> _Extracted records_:

═══

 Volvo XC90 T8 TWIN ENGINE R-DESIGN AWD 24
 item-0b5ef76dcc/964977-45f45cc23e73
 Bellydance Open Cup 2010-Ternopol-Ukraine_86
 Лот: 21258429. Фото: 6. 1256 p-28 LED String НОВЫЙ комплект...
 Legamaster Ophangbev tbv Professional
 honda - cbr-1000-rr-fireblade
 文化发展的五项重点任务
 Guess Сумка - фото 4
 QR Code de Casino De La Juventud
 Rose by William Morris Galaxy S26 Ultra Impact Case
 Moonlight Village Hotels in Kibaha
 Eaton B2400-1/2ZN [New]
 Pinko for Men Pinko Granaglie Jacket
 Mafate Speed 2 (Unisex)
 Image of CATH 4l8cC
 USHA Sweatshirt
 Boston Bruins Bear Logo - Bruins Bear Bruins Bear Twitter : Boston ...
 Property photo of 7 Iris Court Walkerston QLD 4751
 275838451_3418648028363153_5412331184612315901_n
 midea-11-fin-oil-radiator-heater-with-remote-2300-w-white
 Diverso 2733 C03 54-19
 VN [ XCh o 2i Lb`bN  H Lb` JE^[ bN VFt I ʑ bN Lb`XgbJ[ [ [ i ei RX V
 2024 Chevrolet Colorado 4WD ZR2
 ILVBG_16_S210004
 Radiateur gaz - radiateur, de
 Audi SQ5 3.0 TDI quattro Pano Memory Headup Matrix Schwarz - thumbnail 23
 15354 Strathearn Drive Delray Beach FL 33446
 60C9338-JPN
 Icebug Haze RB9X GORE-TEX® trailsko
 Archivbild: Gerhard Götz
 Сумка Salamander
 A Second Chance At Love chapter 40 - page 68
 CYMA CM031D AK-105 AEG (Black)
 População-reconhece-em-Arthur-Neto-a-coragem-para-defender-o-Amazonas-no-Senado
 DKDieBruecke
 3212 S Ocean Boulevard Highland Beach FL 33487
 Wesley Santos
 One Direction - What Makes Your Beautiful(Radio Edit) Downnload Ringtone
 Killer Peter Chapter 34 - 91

═══

> _What to do_: Transcribe each line of the data above, unaltered, from the one where "15354 Strathearn Drive Delray Beach FL 33446" appears to the one where "Wesley Santos" appears, inclusive of both.

> _Task solution_:
 15354 Strathearn Drive Delray Beach FL 33446
 60C9338-JPN
 Icebug Haze RB9X GORE-TEX® trailsko
 Archivbild: Gerhard Götz
 Сумка Salamander
 A Second Chance At Love chapter 40 - page 68
 CYMA CM031D AK-105 AEG (Black)
 População-reconhece-em-Arthur-Neto-a-coragem-para-defender-o-Amazonas-no-Senado
 DKDieBruecke
 3212 S Ocean Boulevard Highland Beach FL 33487
 Wesley Santos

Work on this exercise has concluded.